Were it not for the amazing singing events I had the priviledge of participating and performing in, 2016 would have been a dark year indeed. Singing for Amma at Alexandra Palance, London and in the Basilica of St Marie-Magdalene in France were the highlights of my year.

Falling , whether it be falling down, falling ill, falling back, falling into, all the fallings, is no accident. For us who are becoming more conscious in each moment. Falling is a lesson. A lesson in deep listening, deep acknowledgement, deep awakening. An awakening to that which resides within, all the time, and yet is hidden behind the masks of our personalities. And yes we know this. Intellectually. Why does life not work out as I want it to? Why does my life not resemble, one iota of what was told it would be, dreamt or believed it to be?

A very short, sharp and true insight came to me this week during my practice :”Life is Karma”. We act out, live out, re-peat, re-do, re-act. Until we don’t anymore. Then life becomes life itself. Just as it is. No more creation of conditions, thus no more karma. That is why it is so important we set about doing good actions, thinking good thoughts, metta for our “enemies” , speaking kind words. It is important that we learn to love and listen to ourselves deeply. So we can do so to others. This way we no longer create any more karmic attachments. By this paradigm shift, we are releasing that which binds us, thread by thread, until all is dissolved and we edge closer into the circle of re-generation, re-newal and a new way of living.

 

The falling down for me has been an awakening into seeing the karmic conditions of my life, so much so, that when looking back, I cannot see this was me living this life, that this was really my life, The falling down has been a urgent call to TRUST. A very close friend said to me “you don’t trust yourself, you don’t trust others, you don’t trust life, you don’t trust the universe/God”. So since this information and the fallings I am feeling and living the internal alchemy of moving from FEAR to LOVE, from CONTROL to TRUST, and witnessing the fruits of this deep trust.

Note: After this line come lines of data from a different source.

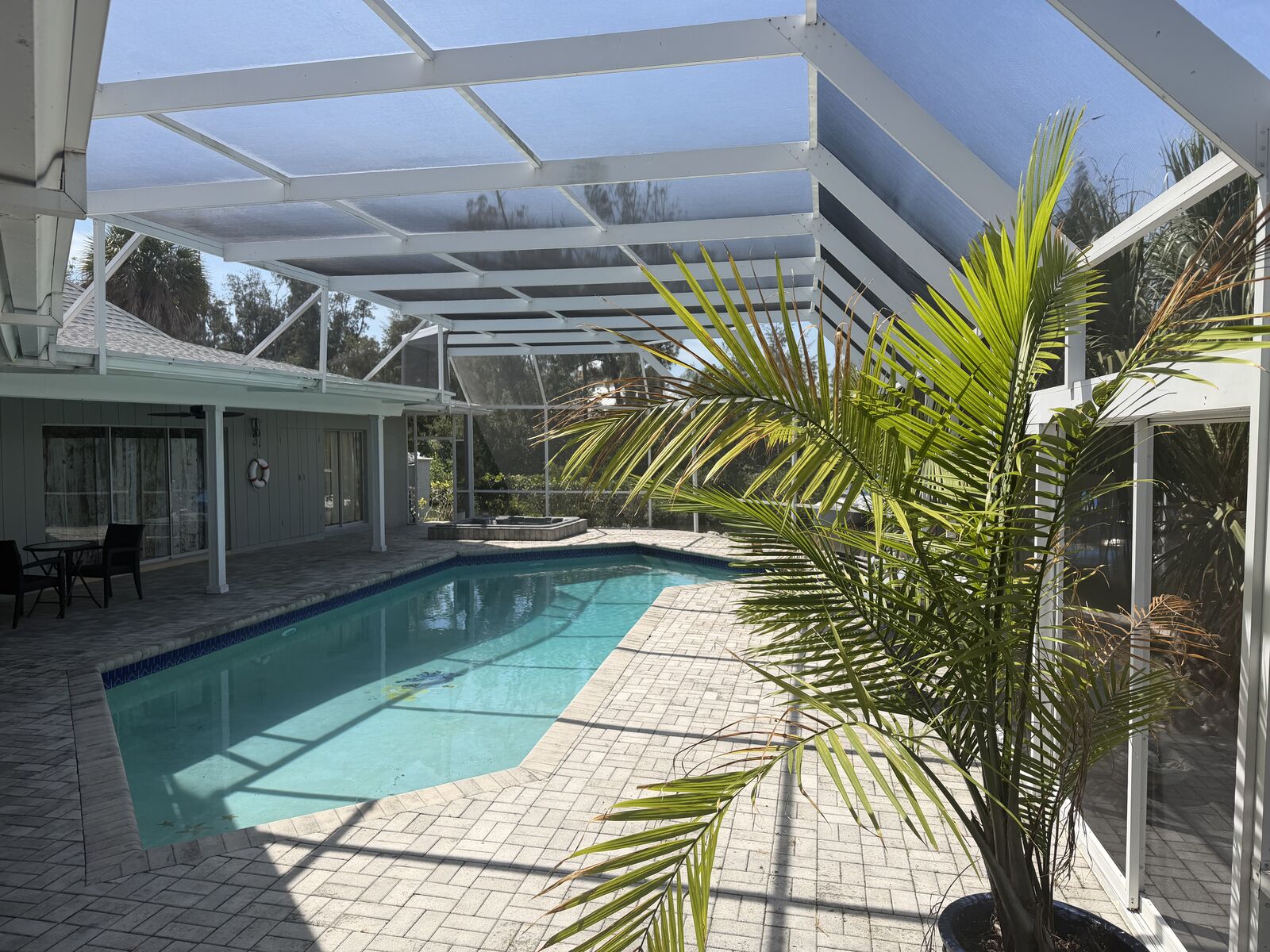 Pool with paver deck and screened lanai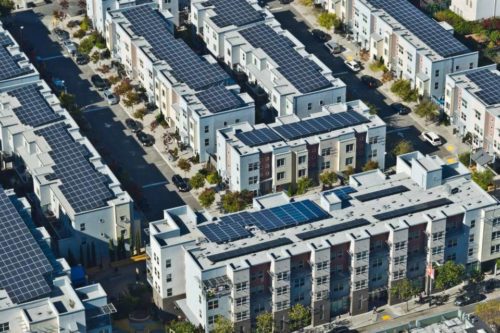 Aerial view of a residential area with rows of multi-story houses equipped with solar panels on the roofs.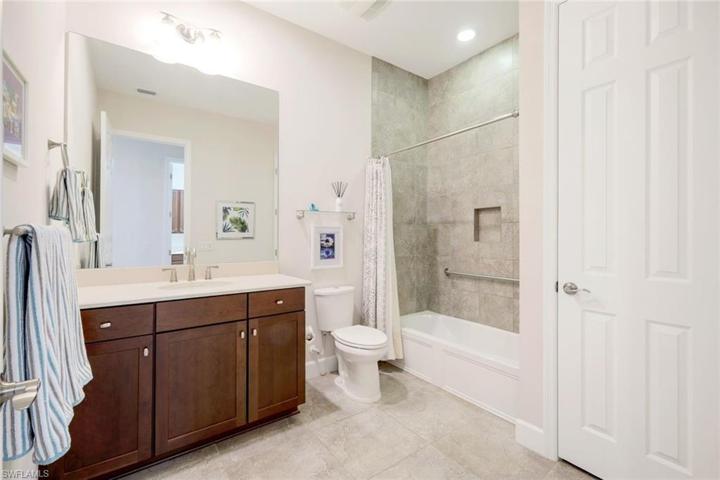 Large guest bath with tub/shower combination, with tile to ceiling.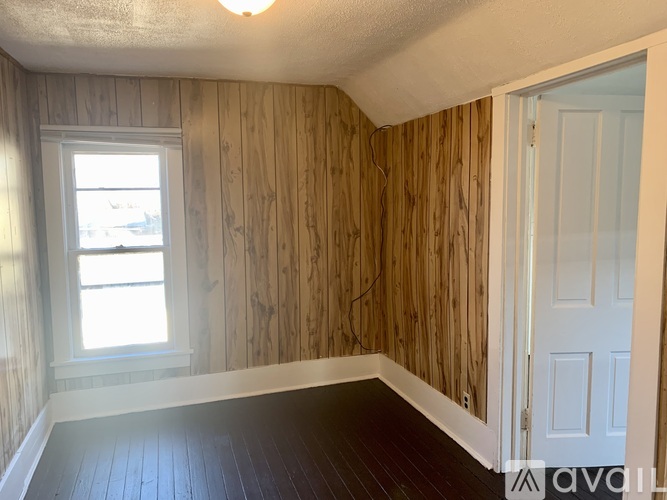 A room with wooden walls and a white door.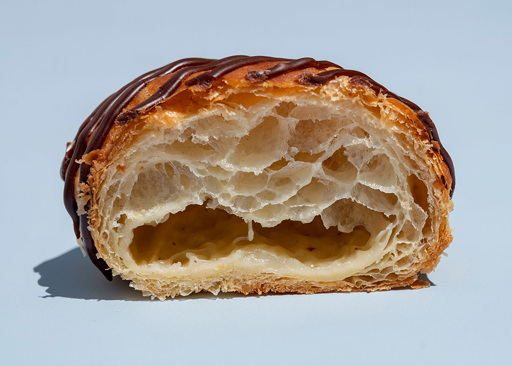 Schulstad Almond Danish Doughnut cut in half to show creamy almond remonce filling
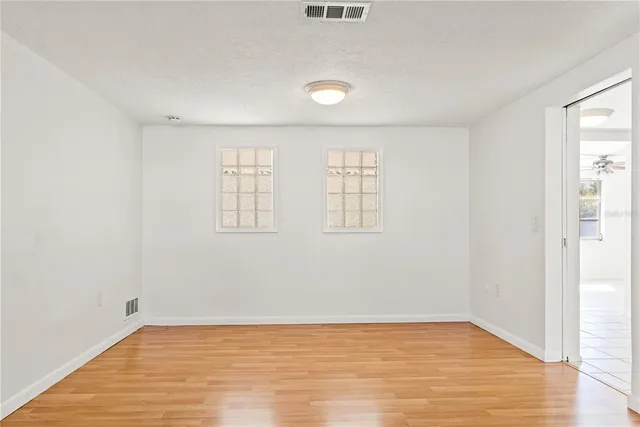 an empty room with wooden floor and windows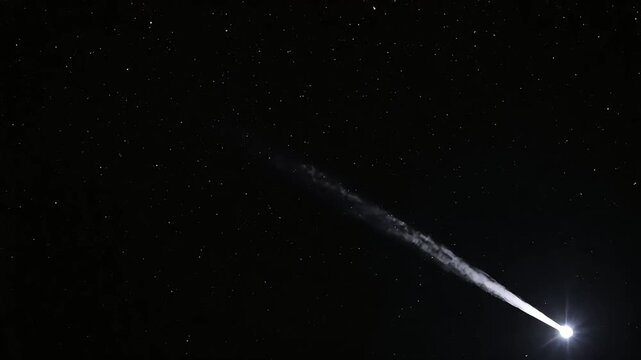 Bright Meteoroid Streaking Across Dark Night Sky with Fiery Tail.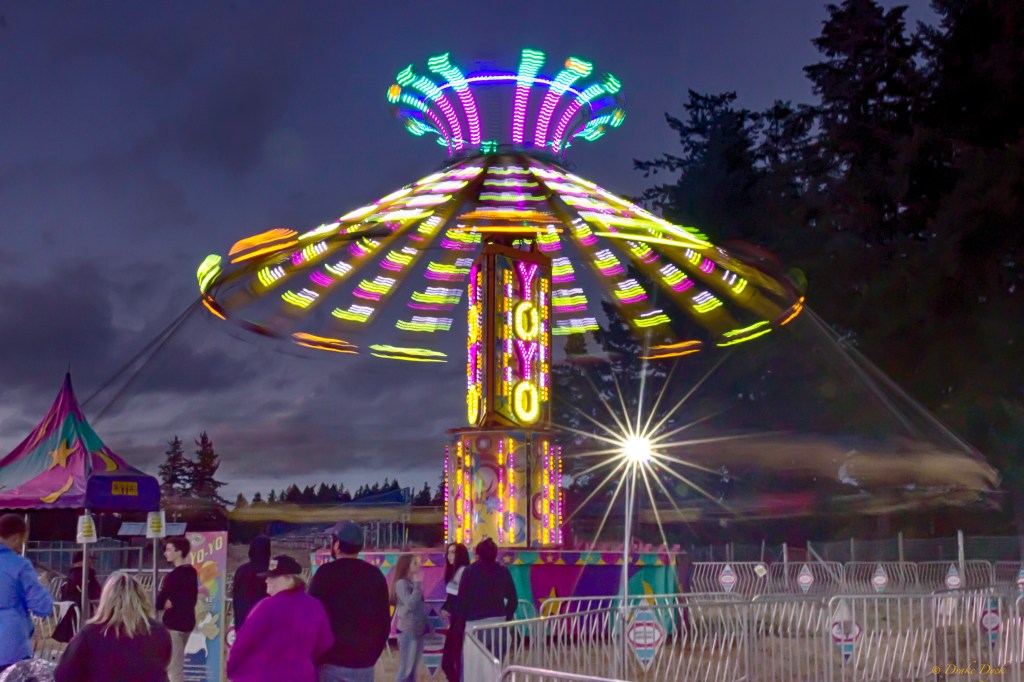 ride at the fall fair spins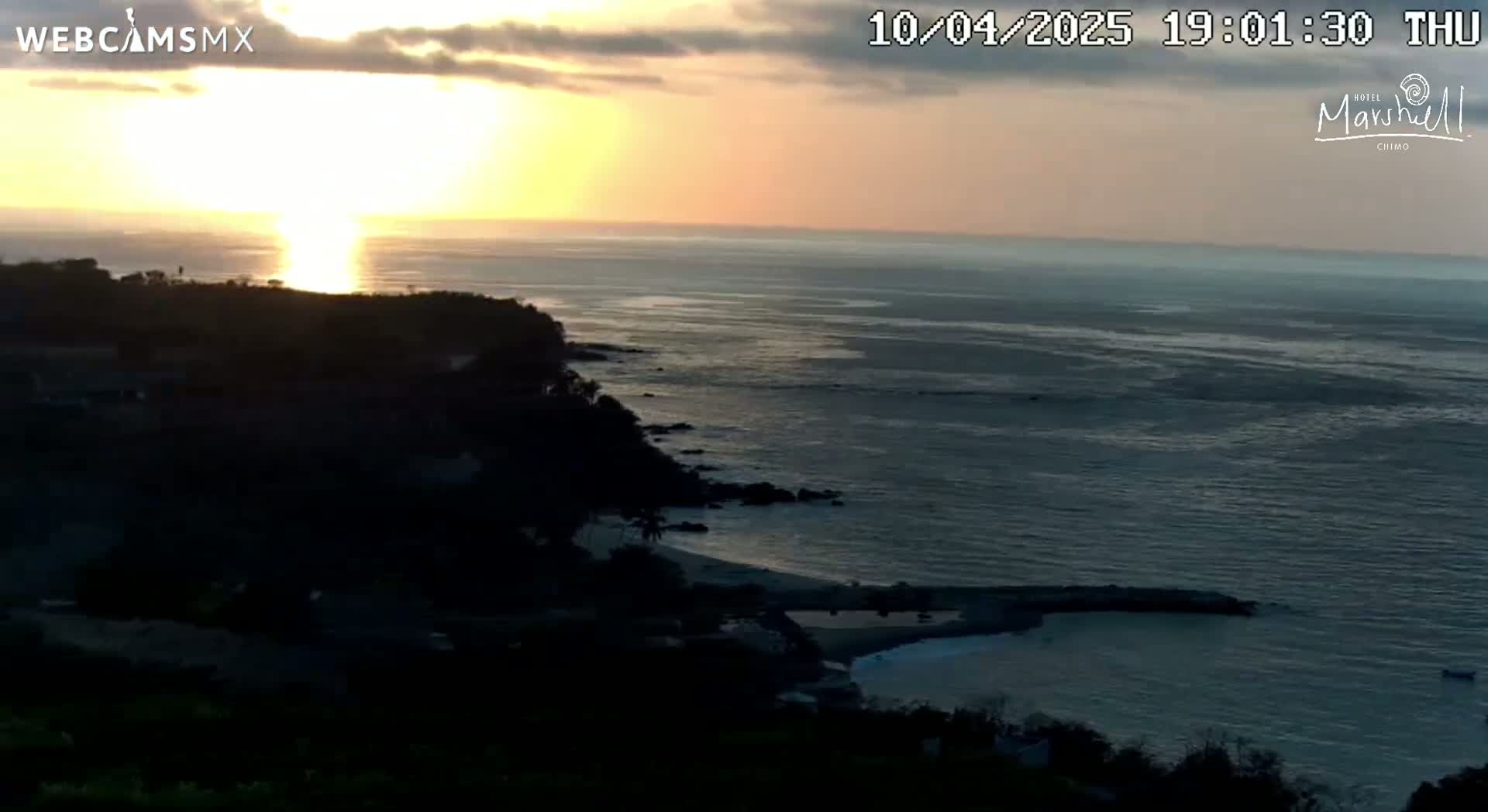 A sunset over a dark, rocky coastline and calm ocean.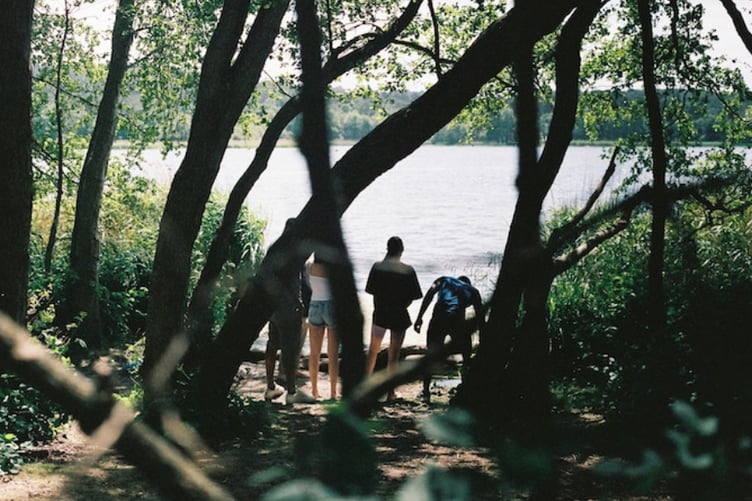 Andre Squire (Andre), Gemma Champness (Addie), Kimesha Campbell (Loreece) and Andrew Gichigi (Aaron) film the movie Wall Cries at Frensham Ponds.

In October 2016 I began work in my garden, dismantling the shed, greenhouse, clearing extensive borders, to clear the space. New fences were erected, and a major change began happening without. And so within I thus discovered. Debate ensued over what I was going to fill the new space with. A yurt, a rotunda, a garden building, a recording studio an office and art room, a summer house. My brother said “leave it alone, and the space will speak to you”. What a metaphor for my evolution my garden is. Every day I look at the space, I love what it has become. There is more work to do, like planting and landscaping. That’s all do-able. The space is still the space. It silently speaks to me and says: just because you have a space, you do not need to fill it”. So watch this space!

I send you all much love and many blessings.